Read socket using both <> and sysread()

Y

Yohan N. Leder

Hello. In the framework of a dialog with an ESMTP server, I would like
to alternate some incoming socket reading using <> (when server replies
with a single line) and sysread() (when server replies with several
lines), is there something to take care with this kind of alternance ?

Here a piece of typical part (without response codes checking) :

use Socket;
[here code to connect using two sockets : SOCKET_IN and SOCKET_OUT]
select(SOCKET_IN); $| = 1; select(SOCKET_OUT); $| = 1; select(STDOUT);
my $resp = <SOCKET_IN>; # wait server be ready
syswrite(SOCKET_OUT, "EHLO test\cM\cJ", 11); # engage dialog
sysread(SOCKET_IN, $resp, 1024); # fetch a multi-lines response
syswrite(SOCKET_OUT, "AUTH PLAIN\cM\cJ", 11); # engage authentication
$resp = <SOCKET_IN>; # wait server ask for username
[...]
 
U

Uri Guttman

YNL> Hello. In the framework of a dialog with an ESMTP server, I would like
YNL> to alternate some incoming socket reading using <> (when server replies
YNL> with a single line) and sysread() (when server replies with several
YNL> lines), is there something to take care with this kind of alternance ?

do you know the difference between <> and sysread? the docs or faq
(not sure where ATM) strongly state that you should never mix them on a
single handle unless you are extremely sure of what you are doing. the
problem is that <> uses stdio which will buffer input from the handle
and then return only one line to you. a following sysread won't (or may
not) find any data to read as it was already read into a buffer by
stdio. the best way to do this is to only use sysread and do your own
buffering and then parse out a line from the beginning of the buffer
when you need one. this isn't too hard to do but it does require some
code beyond just a simple sysread call.

uri
 
X

xhoster

Yohan N. Leder said:
Hello. In the framework of a dialog with an ESMTP server, I would like
to alternate some incoming socket reading using <> (when server replies
with a single line) and sysread() (when server replies with several
lines), is there something to take care with this kind of alternance ?

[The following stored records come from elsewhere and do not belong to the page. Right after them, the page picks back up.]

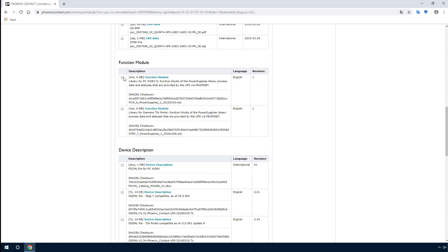Download the PC Works library, Power Supplies, and the FDCML catalog.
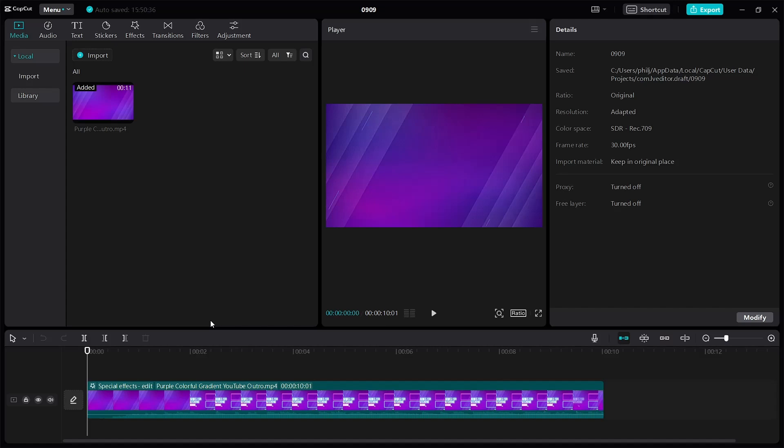Hello everyone, welcome back to my channel. This is Phil from Practical Media 101. In today's video, I'm going to teach you how to fix the network issue inside of CapCut. So let's get started.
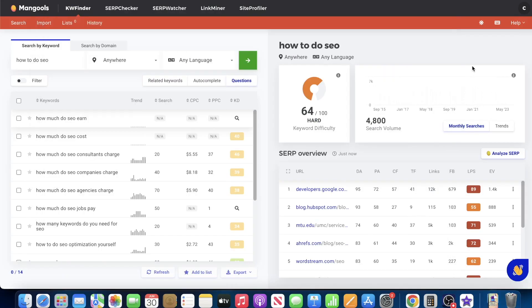Hey guys, welcome to a new video. Today I'm going to be sharing with you a shortcut to find better keywords for your blogs, for your niche blogs.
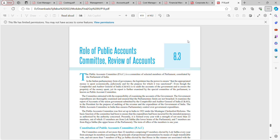Hello everyone, my name is CMA Pankti Veni. Welcome back to CMA modules. Today we will be recording a video lecture on the role of the Public Accounts Committee and review of accounts. In our previous two lectures we recorded 8.1 and 8.2; in this lecture we will be focusing on 8.3.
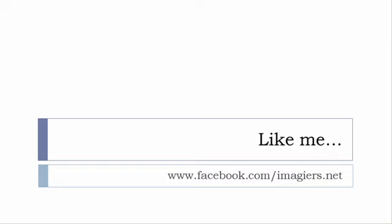And then last but not least, don't forget to like me on Facebook, please, s'il vous plaît. So, the address is quite simple, www.facebook.com slash imagier.net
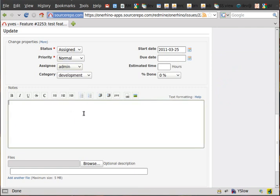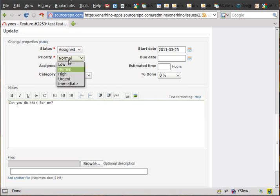This will be emailed to admin when we complete it. We can also write admin a note. We can change other aspects like the priority.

Why not just use read() instead of sysread()?

Xho
 
U

Uri Guttman

x> Why not just use read() instead of sysread()?

that works but since the api is the same, all you get is more buffering
with read with no benefits. sockets already have buffering so there is
no need for more in the user space. having done tons of c and socket
stuff before, sysread is my choice as it is just a wrapper around c's
read.

but maybe your point is mixing read with <> and that could work if done
carefully (it is more a protocol and implementation problem then). it is
just not my style so i would never do that.

uri
 
I

Ilya Zakharevich

[A complimentary Cc of this posting was sent to
Uri Guttman
do you know the difference between <> and sysread? the docs or faq
(not sure where ATM) strongly state that you should never mix them on a
single handle unless you are extremely sure of what you are doing. the
problem is that <> uses stdio which will buffer input from the handle

I must object to (details of) this statement:

a) AFAIU: most probably, stdio is not going to be used with
contemporary Perls (should be enabled by a compile option of perl);
nowadays Perl uses its own (and very buggy) buffering routines;

b) Perl core knows perfectly well when an unbuffered operation follows
a buffered one (same as for read/write mixes).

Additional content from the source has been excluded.